* [Exercise description] Restate all of the material, keeping every line identical to the original.

* [Source data]
====
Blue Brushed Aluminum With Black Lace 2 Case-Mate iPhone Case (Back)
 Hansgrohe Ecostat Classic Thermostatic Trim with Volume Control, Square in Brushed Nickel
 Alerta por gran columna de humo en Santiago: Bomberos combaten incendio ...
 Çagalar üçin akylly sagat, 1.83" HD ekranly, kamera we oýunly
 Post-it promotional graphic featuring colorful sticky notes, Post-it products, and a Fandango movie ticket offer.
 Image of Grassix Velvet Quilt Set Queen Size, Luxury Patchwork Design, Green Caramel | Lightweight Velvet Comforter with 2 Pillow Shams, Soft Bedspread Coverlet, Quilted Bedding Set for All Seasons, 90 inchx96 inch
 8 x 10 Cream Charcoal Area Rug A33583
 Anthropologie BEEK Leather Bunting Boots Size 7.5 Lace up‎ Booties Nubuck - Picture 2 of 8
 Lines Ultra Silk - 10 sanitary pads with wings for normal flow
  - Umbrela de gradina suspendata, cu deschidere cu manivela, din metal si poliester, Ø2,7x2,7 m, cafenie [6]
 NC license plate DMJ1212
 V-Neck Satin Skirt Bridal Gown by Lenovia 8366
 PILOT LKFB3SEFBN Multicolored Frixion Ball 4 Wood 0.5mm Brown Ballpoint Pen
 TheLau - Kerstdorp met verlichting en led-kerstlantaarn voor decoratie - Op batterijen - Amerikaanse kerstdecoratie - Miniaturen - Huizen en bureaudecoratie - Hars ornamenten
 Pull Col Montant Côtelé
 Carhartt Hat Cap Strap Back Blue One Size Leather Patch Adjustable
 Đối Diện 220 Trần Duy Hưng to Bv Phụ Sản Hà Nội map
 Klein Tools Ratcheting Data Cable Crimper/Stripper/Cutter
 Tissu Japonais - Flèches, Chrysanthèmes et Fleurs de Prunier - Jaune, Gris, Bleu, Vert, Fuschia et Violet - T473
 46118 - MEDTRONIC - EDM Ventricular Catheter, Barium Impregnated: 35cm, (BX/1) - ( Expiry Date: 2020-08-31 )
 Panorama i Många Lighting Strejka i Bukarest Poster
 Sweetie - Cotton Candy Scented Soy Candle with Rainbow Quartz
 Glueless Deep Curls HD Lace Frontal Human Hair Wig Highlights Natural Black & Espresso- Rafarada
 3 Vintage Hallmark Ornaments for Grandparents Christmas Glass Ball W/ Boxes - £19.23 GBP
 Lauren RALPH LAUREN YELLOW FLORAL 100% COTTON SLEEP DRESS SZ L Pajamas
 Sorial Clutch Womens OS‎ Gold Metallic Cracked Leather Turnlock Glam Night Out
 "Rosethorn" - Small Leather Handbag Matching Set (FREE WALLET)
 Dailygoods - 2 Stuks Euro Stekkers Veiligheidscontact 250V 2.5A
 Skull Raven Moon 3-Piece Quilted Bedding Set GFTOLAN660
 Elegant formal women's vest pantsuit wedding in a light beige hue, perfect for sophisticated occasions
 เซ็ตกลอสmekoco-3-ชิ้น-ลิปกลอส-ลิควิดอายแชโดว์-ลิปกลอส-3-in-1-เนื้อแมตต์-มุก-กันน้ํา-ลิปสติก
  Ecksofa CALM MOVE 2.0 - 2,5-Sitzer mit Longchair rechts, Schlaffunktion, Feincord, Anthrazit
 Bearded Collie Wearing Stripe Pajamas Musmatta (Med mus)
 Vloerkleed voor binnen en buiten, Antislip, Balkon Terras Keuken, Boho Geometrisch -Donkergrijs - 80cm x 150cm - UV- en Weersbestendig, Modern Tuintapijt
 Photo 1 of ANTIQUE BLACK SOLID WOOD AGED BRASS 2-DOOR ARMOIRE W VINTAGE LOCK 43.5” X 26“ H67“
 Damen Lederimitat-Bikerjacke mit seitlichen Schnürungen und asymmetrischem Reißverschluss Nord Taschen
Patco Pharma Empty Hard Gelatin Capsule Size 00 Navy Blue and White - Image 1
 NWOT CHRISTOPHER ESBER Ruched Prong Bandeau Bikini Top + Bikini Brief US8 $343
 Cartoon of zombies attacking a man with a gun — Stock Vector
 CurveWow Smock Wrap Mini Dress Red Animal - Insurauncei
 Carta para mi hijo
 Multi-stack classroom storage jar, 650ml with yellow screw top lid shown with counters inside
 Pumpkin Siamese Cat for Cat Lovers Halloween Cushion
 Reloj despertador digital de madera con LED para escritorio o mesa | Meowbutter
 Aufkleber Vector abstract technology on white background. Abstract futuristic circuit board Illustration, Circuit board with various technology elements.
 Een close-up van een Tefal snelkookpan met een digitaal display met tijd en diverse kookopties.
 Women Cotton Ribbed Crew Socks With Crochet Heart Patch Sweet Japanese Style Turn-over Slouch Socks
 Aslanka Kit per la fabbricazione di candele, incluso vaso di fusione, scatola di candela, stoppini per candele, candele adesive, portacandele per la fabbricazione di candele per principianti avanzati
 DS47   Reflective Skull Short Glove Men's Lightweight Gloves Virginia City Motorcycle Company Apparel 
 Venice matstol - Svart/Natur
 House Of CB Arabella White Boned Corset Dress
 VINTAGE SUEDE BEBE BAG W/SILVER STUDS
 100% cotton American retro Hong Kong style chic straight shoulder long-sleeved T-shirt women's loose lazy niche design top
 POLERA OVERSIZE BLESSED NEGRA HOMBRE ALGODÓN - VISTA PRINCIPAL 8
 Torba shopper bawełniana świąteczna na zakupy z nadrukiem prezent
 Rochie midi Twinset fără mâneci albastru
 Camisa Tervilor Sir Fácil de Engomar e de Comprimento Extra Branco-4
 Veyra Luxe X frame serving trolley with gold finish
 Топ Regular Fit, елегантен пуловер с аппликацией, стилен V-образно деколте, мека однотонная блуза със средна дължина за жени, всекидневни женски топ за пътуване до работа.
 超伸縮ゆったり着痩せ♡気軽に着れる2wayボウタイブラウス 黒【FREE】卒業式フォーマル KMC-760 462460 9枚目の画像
====
* [Written response]
Blue Brushed Aluminum With Black Lace 2 Case-Mate iPhone Case (Back)
 Hansgrohe Ecostat Classic Thermostatic Trim with Volume Control, Square in Brushed Nickel
 Alerta por gran columna de humo en Santiago: Bomberos combaten incendio ...
 Çagalar üçin akylly sagat, 1.83" HD ekranly, kamera we oýunly
 Post-it promotional graphic featuring colorful sticky notes, Post-it products, and a Fandango movie ticket offer.
 Image of Grassix Velvet Quilt Set Queen Size, Luxury Patchwork Design, Green Caramel | Lightweight Velvet Comforter with 2 Pillow Shams, Soft Bedspread Coverlet, Quilted Bedding Set for All Seasons, 90 inchx96 inch
 8 x 10 Cream Charcoal Area Rug A33583
 Anthropologie BEEK Leather Bunting Boots Size 7.5 Lace up‎ Booties Nubuck - Picture 2 of 8
 Lines Ultra Silk - 10 sanitary pads with wings for normal flow
  - Umbrela de gradina suspendata, cu deschidere cu manivela, din metal si poliester, Ø2,7x2,7 m, cafenie [6]
 NC license plate DMJ1212
 V-Neck Satin Skirt Bridal Gown by Lenovia 8366
 PILOT LKFB3SEFBN Multicolored Frixion Ball 4 Wood 0.5mm Brown Ballpoint Pen
 TheLau - Kerstdorp met verlichting en led-kerstlantaarn voor decoratie - Op batterijen - Amerikaanse kerstdecoratie - Miniaturen - Huizen en bureaudecoratie - Hars ornamenten
 Pull Col Montant Côtelé
 Carhartt Hat Cap Strap Back Blue One Size Leather Patch Adjustable
 Đối Diện 220 Trần Duy Hưng to Bv Phụ Sản Hà Nội map
 Klein Tools Ratcheting Data Cable Crimper/Stripper/Cutter
 Tissu Japonais - Flèches, Chrysanthèmes et Fleurs de Prunier - Jaune, Gris, Bleu, Vert, Fuschia et Violet - T473
 46118 - MEDTRONIC - EDM Ventricular Catheter, Barium Impregnated: 35cm, (BX/1) - ( Expiry Date: 2020-08-31 )
 Panorama i Många Lighting Strejka i Bukarest Poster
 Sweetie - Cotton Candy Scented Soy Candle with Rainbow Quartz
 Glueless Deep Curls HD Lace Frontal Human Hair Wig Highlights Natural Black & Espresso- Rafarada
 3 Vintage Hallmark Ornaments for Grandparents Christmas Glass Ball W/ Boxes - £19.23 GBP
 Lauren RALPH LAUREN YELLOW FLORAL 100% COTTON SLEEP DRESS SZ L Pajamas
 Sorial Clutch Womens OS‎ Gold Metallic Cracked Leather Turnlock Glam Night Out
 "Rosethorn" - Small Leather Handbag Matching Set (FREE WALLET)
 Dailygoods - 2 Stuks Euro Stekkers Veiligheidscontact 250V 2.5A
 Skull Raven Moon 3-Piece Quilted Bedding Set GFTOLAN660
 Elegant formal women's vest pantsuit wedding in a light beige hue, perfect for sophisticated occasions
 เซ็ตกลอสmekoco-3-ชิ้น-ลิปกลอส-ลิควิดอายแชโดว์-ลิปกลอส-3-in-1-เนื้อแมตต์-มุก-กันน้ํา-ลิปสติก
  Ecksofa CALM MOVE 2.0 - 2,5-Sitzer mit Longchair rechts, Schlaffunktion, Feincord, Anthrazit
 Bearded Collie Wearing Stripe Pajamas Musmatta (Med mus)
 Vloerkleed voor binnen en buiten, Antislip, Balkon Terras Keuken, Boho Geometrisch -Donkergrijs - 80cm x 150cm - UV- en Weersbestendig, Modern Tuintapijt
 Photo 1 of ANTIQUE BLACK SOLID WOOD AGED BRASS 2-DOOR ARMOIRE W VINTAGE LOCK 43.5” X 26“ H67“
 Damen Lederimitat-Bikerjacke mit seitlichen Schnürungen und asymmetrischem Reißverschluss Nord Taschen
Patco Pharma Empty Hard Gelatin Capsule Size 00 Navy Blue and White - Image 1
 NWOT CHRISTOPHER ESBER Ruched Prong Bandeau Bikini Top + Bikini Brief US8 $343
 Cartoon of zombies attacking a man with a gun — Stock Vector
 CurveWow Smock Wrap Mini Dress Red Animal - Insurauncei
 Carta para mi hijo
 Multi-stack classroom storage jar, 650ml with yellow screw top lid shown with counters inside
 Pumpkin Siamese Cat for Cat Lovers Halloween Cushion
 Reloj despertador digital de madera con LED para escritorio o mesa | Meowbutter
 Aufkleber Vector abstract technology on white background. Abstract futuristic circuit board Illustration, Circuit board with various technology elements.
 Een close-up van een Tefal snelkookpan met een digitaal display met tijd en diverse kookopties.
 Women Cotton Ribbed Crew Socks With Crochet Heart Patch Sweet Japanese Style Turn-over Slouch Socks
 Aslanka Kit per la fabbricazione di candele, incluso vaso di fusione, scatola di candela, stoppini per candele, candele adesive, portacandele per la fabbricazione di candele per principianti avanzati
 DS47   Reflective Skull Short Glove Men's Lightweight Gloves Virginia City Motorcycle Company Apparel 
 Venice matstol - Svart/Natur
 House Of CB Arabella White Boned Corset Dress
 VINTAGE SUEDE BEBE BAG W/SILVER STUDS
 100% cotton American retro Hong Kong style chic straight shoulder long-sleeved T-shirt women's loose lazy niche design top
 POLERA OVERSIZE BLESSED NEGRA HOMBRE ALGODÓN - VISTA PRINCIPAL 8
 Torba shopper bawełniana świąteczna na zakupy z nadrukiem prezent
 Rochie midi Twinset fără mâneci albastru
 Camisa Tervilor Sir Fácil de Engomar e de Comprimento Extra Branco-4
 Veyra Luxe X frame serving trolley with gold finish
 Топ Regular Fit, елегантен пуловер с аппликацией, стилен V-образно деколте, мека однотонная блуза със средна дължина за жени, всекидневни женски топ за пътуване до работа.
 超伸縮ゆったり着痩せ♡気軽に着れる2wayボウタイブラウス 黒【FREE】卒業式フォーマル KMC-760 462460 9枚目の画像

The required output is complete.